An Introduction to Stata Programming

Christopher F. Baum’s An Introduction to Stata Programming, Second Edition, is a great reference for anyone who wants to learn Stata programming.

 

Baum assumes readers have some familiarity with Stata, but readers who are new to programming will find the book accessible. He begins by introducing programming concepts and basic tools. More advanced programming tools such as structures and pointers and likelihood-function evaluators using Mata are gradually introduced throughout the book alongside examples.

 

This new edition reflects some of the most important statistical tools added since Stata 10. Of note are factor variables and operators, the computation of marginal effects, marginal means, and predictive margins using margins, the use of gmm to implement generalized method of moments estimation, and the use of suest for seemingly unrelated estimation.

 

As in the previous edition of the book, Baum steps the reader through the three levels of Stata programming. He starts with do-files. Do-files are powerful batch files that support loops and conditional statements and are ideal to automate your workflow as well as to guarantee reproducibility of your work.

 

He then delves into ado-files, which are used to extend Stata by creating new commands that share the syntax and behavior of official commands.
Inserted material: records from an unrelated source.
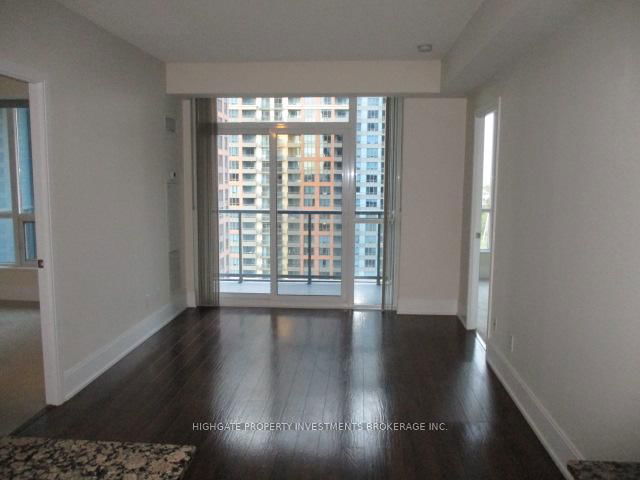 1203 - 15 Viking Lane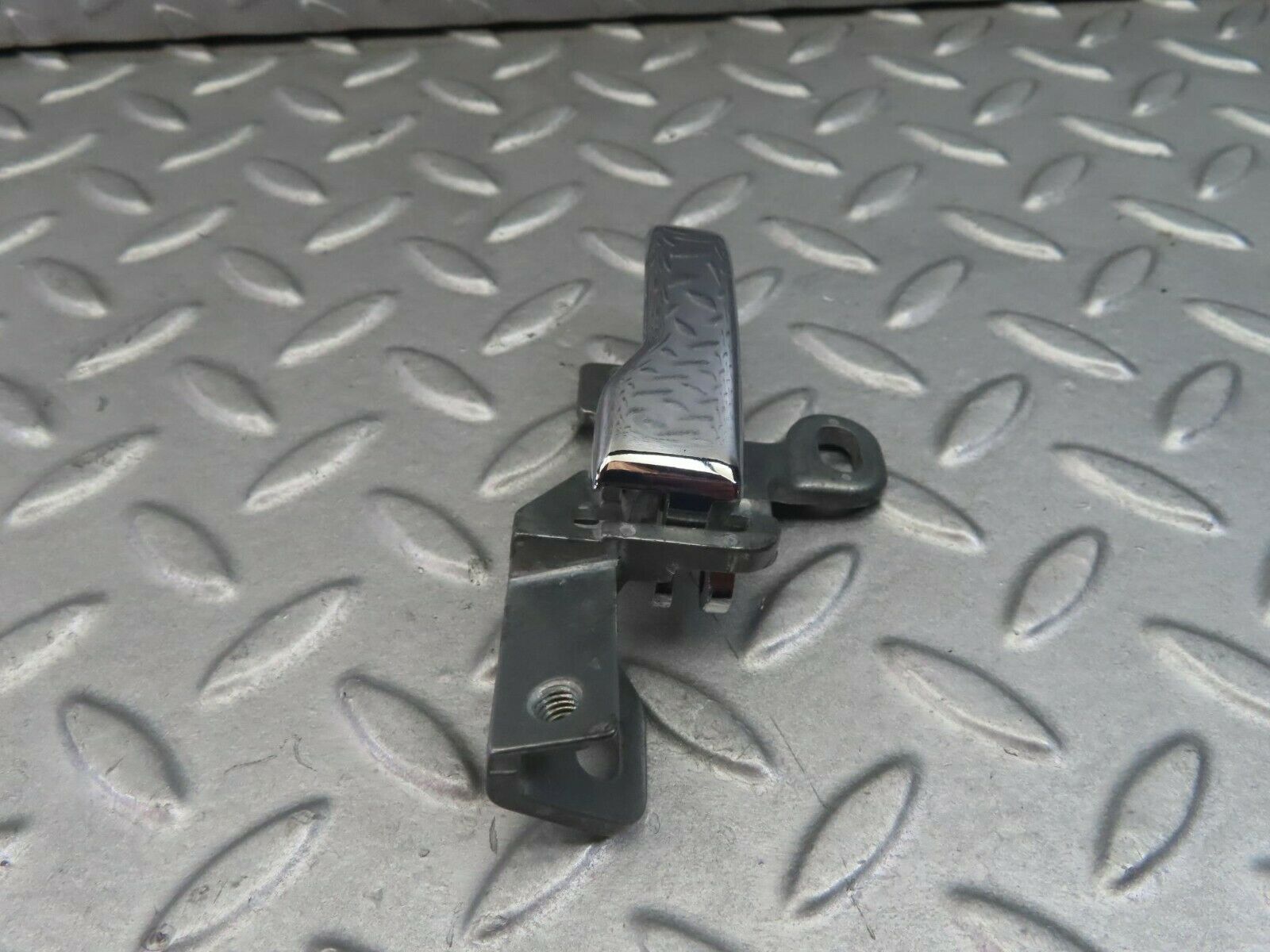 8276 Mercedes-Benz W123 Left Interior Door Handle 1237600161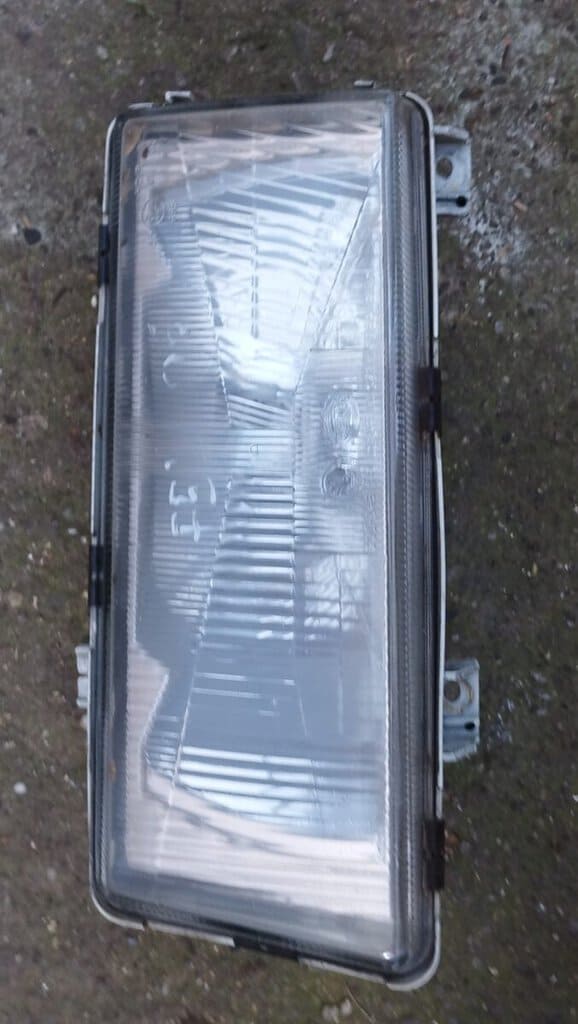 Světlomet auta s průhledným krytem a reflektorem.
Baum gives an example of how to write a command to calculate percentiles and the range of a variable, complete with documentation and certification.

 

After introducing the fundamentals of command development, Baum shows users how these concepts can be applied to help them write their own custom estimation commands by using Stata’s built-in numerical maximum-likelihood estimation routine, ml, its built-in nonlinear least-squares routines, nl and nlsur, and its built-in generalized method of moments estimation routine.

 

Finally, he introduces Mata, Stata’s matrix programming language. Mata programs are integrated into ado-files to build a custom estimation routine that is optimized for speed and numerical stability. Baum briefly discusses how ado-file programming concepts relate to Mata functions and objects. He also explains some of the advantages of using Mata for certain programming tasks. Baum introduces concepts by providing the background and importance of the topic, presents common uses and examples, and then concludes with larger, more applied examples he refers to as “cookbook recipes”.

 

Many of the examples are of particular interest because they arose from frequently asked questions from Stata users. If you want to understand basic Stata programming or want to write your own routines and commands using advanced Stata tools, Baum’s book is a great reference.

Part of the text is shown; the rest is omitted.